I firmly believe that, as a community, we should look for ways to support scientific data management and related analytics. That’s why, for example, I went to XLDB3 in Lyon, France at my own expense. Eight months ago, I wrote about issues in scientific data management. Here’s some of what has transpired since then.
The main new activity I know of has been in the open source SciDB project.
- A company called Zetics has been started to commercialize SciDB. As of now, the entire staff seems to be CEO Marilyn Matz, techie Paul Brown, and part of Mike Stonebraker. Marilyn says Zetics has some venture capital, but even under NDA didn’t tell me who it was from. Zetics does not have its own web site.
- Marilyn tells me there are 20-25 contributors to SciDB, led by Paul Brown and Mike Stonebraker. Brown is full-time. Persistent Systems has been donating the efforts of a few of its employees. Some LSST folks have been doing SciDB work backed by grant money. Most or all of the rest seem to be purer volunteers. Some Russians have been particularly active.
- Release 0.5 of SciDB is expected in June. Release 1.0 is expected in September. This is a rewrite; prior demo code has been scrapped. Perhaps not coincidentally, it’s also a small slip from prior project plans.
- The array data model is an example of what’s being implemented first. (Duh — you can’t have a DBMS without a data model.) Support for uncertainty is an example of what’s been deferred until later.
- As has been clear since XLDB3 last August, one major target market for SciDB is genomic research.
- It’s obvious that the oil and gas industry, with all its geospatial data, should be interested in SciDB. But there’s not much activity in that regard; outreach is evidently needed. If you can think of somebody in that sector (or anywhere else) who should be alerted to SciDB, please ping them.
- Interest from web analytics users in SciDB seems to have receded a bit from the days when eBay almost funded the project.
In other scientific data management news,
- Microsoft put out a book called The Fourth Paradigm on scientific database management. The whole thing can be downloaded, very officially, as a giant PDF. I think it’s worth skimming. I don’t think it’s worth actually reading. (I did read it.)
- XLDB4 will be at Stanford October 5-7. Unlike prior XLDBs, it will have an open (i.e., no invitation required) part.

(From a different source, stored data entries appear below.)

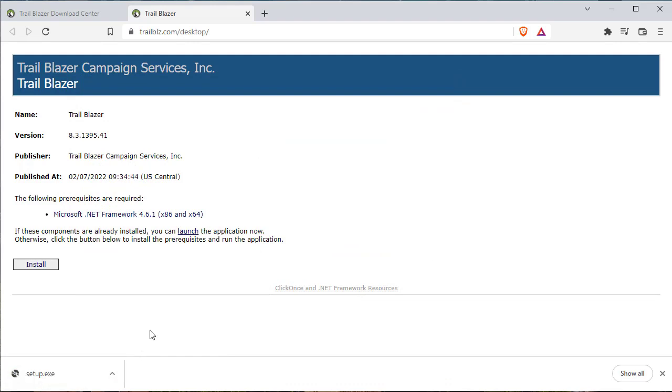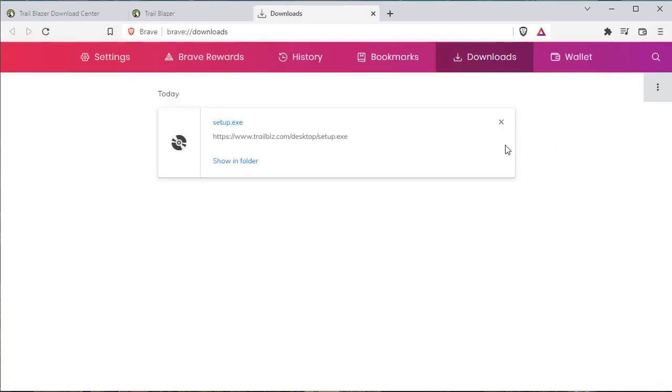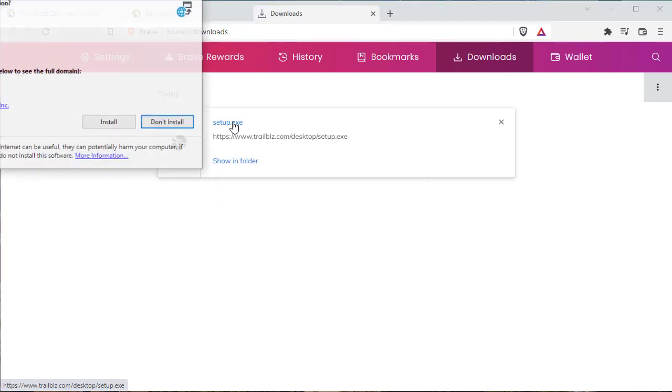Now, depending upon your browser, you may be able to just click it from down here or you may need to navigate up here to your download window. Click on setup either from the lower left corner or from your downloads list.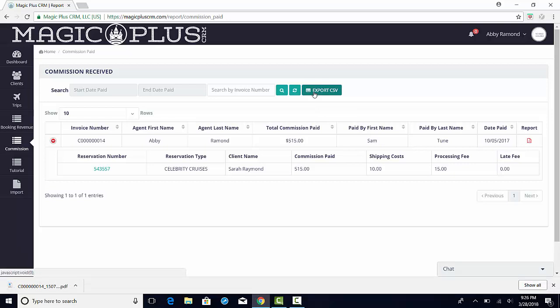That covers how to review and understand your commission structure, as well as how to create and reconcile your invoices. Thank you for watching this video.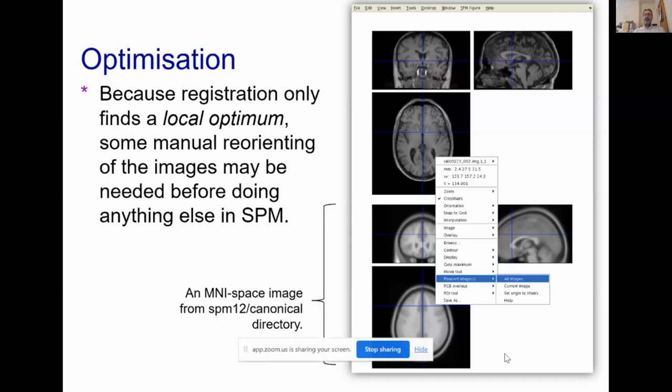There are tools in SPM that allow you to do manual reorienting of images to help with this.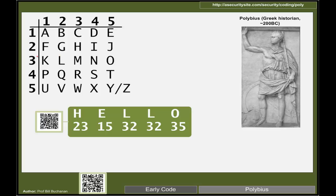In this case we have HELLO which is an H at 23, an E at 15, and so on.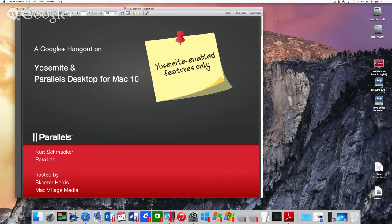Today we're going to talk about Yosemite with Parallels Desktop 10 for Mac. If you did not see Kurt and my last hangout, approximately two to three weeks ago, we did an overview of Parallels Desktop 10. Today we're going to talk about the cool features that Parallels has been able to implement specifically with Yosemite, which just came out late last week.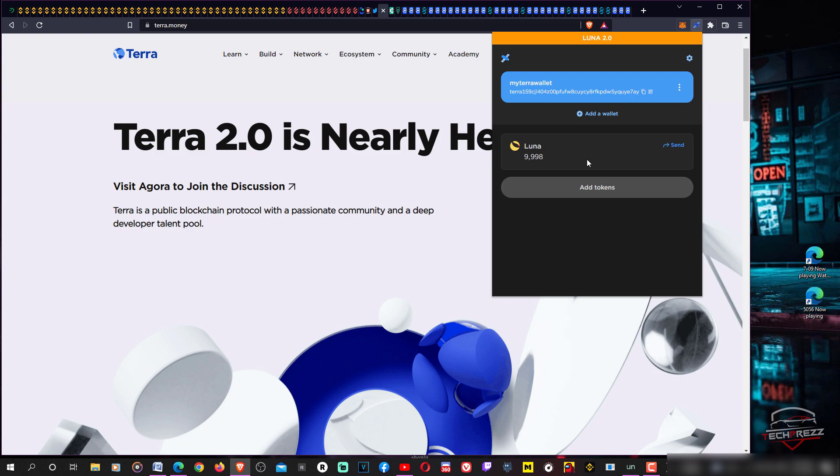I hope Terra starts to actually compensate for what they lost in the original Terra. Let's see what happens. That's it. Don't forget to hit the like and subscribe and thanks for watching.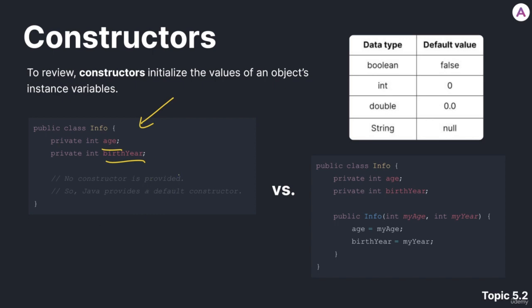In this case, Java provides a default no argument constructor. This constructor basically initializes all of the instance variables to their default value for each data type in Java.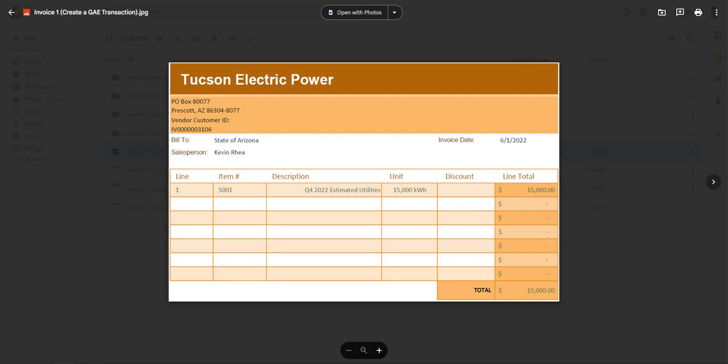Hello and welcome to creating a General Accounting Encumbrance GAE transaction in AZ360. We will be demonstrating this process in one of our test environments and the screen has been zoomed in for optimal viewing.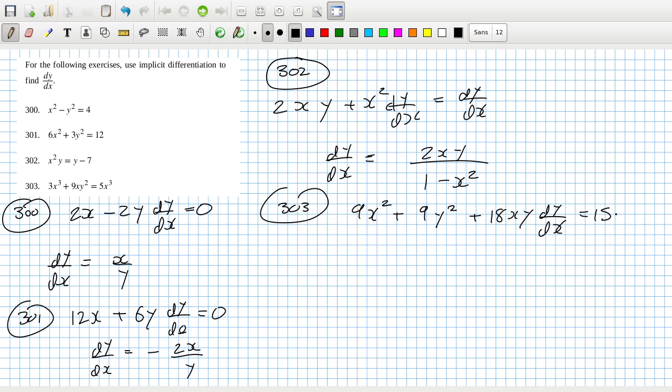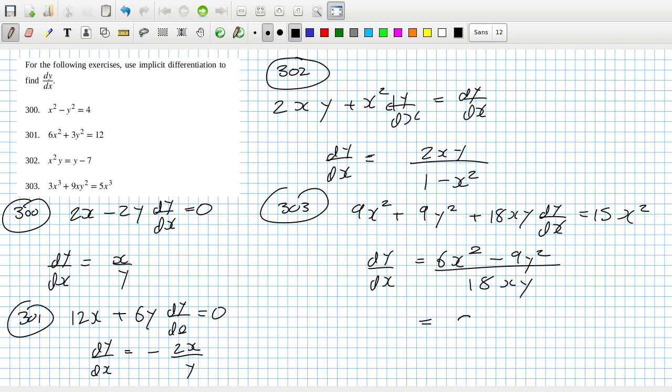So rearranging, I can get dy/dx equals 15x squared minus 9x squared, that's 6x squared minus 9y squared over 18xy. Actually I could divide by 3, couldn't I? So that's 2x squared minus 3y squared over 6xy. Okay, that's four quick questions just done for today. I have to dash now.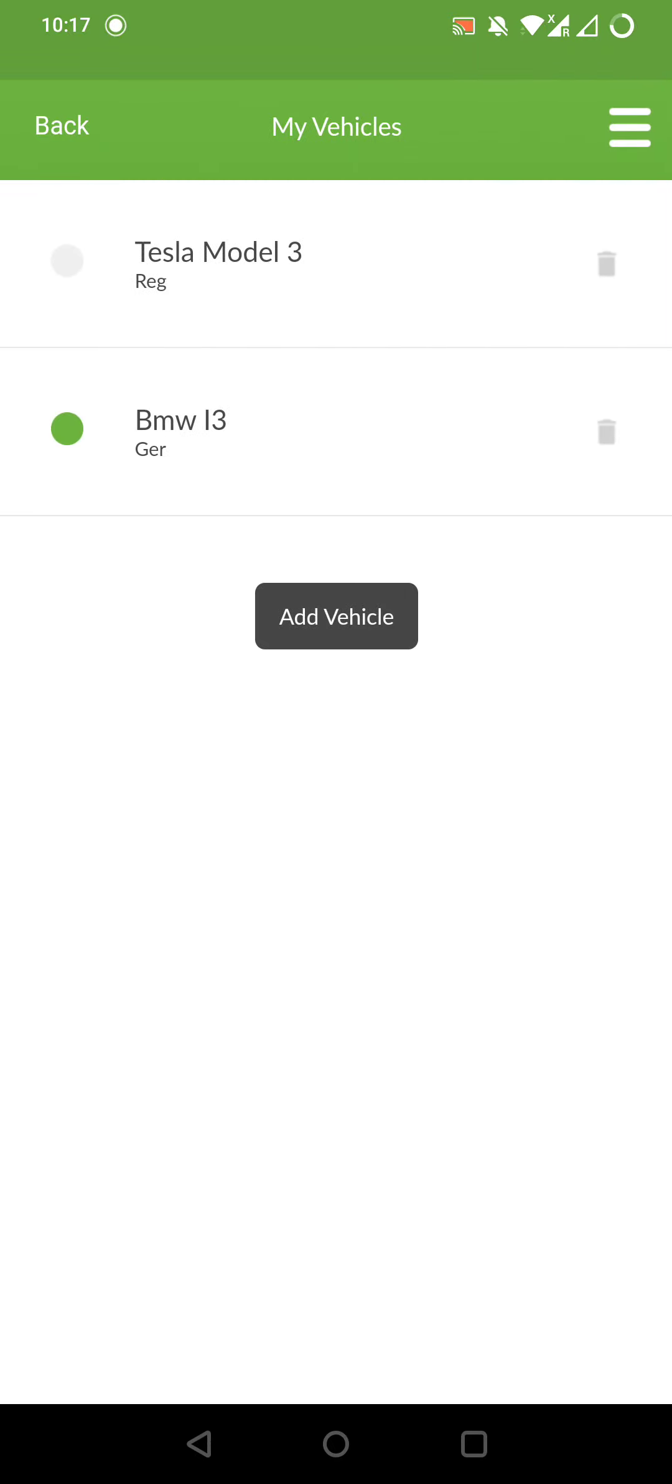Now we see all my entered electric vehicles, where there's a Tesla Model 3 and a BMW i3. At every vehicle's left side is a circle, either grey or green. You can choose one vehicle by tapping on the grey circle. Now I choose the Tesla Model 3.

Finally, you surely are aware of the whole “Climategate” mess, in which major climate researchers’ email was hacked and many unkind conclusions were drawn. Well, one of the most technical parts of the disclosure was in a long series of Read Me files, in which an unfortunate programmer lamented about the difficulty of reconstructing published results from files at hand. These turned out to illustrate a classic problem that SciDB or alternatives are meant to solve:
- Raw data was impossible to use without various adjustments to regularize it (the word “regridding” comes up a lot, for example). Massaging was needed before analytics could be done on it.
- The raw data was thrown out or lost, and could not be reconstructed (why they couldn’t have asked the suppliers of the data to give it to them again was unclear in this case, since it wasn’t original experimental data).
- It was thus impossible to massage the data in any new or improved way.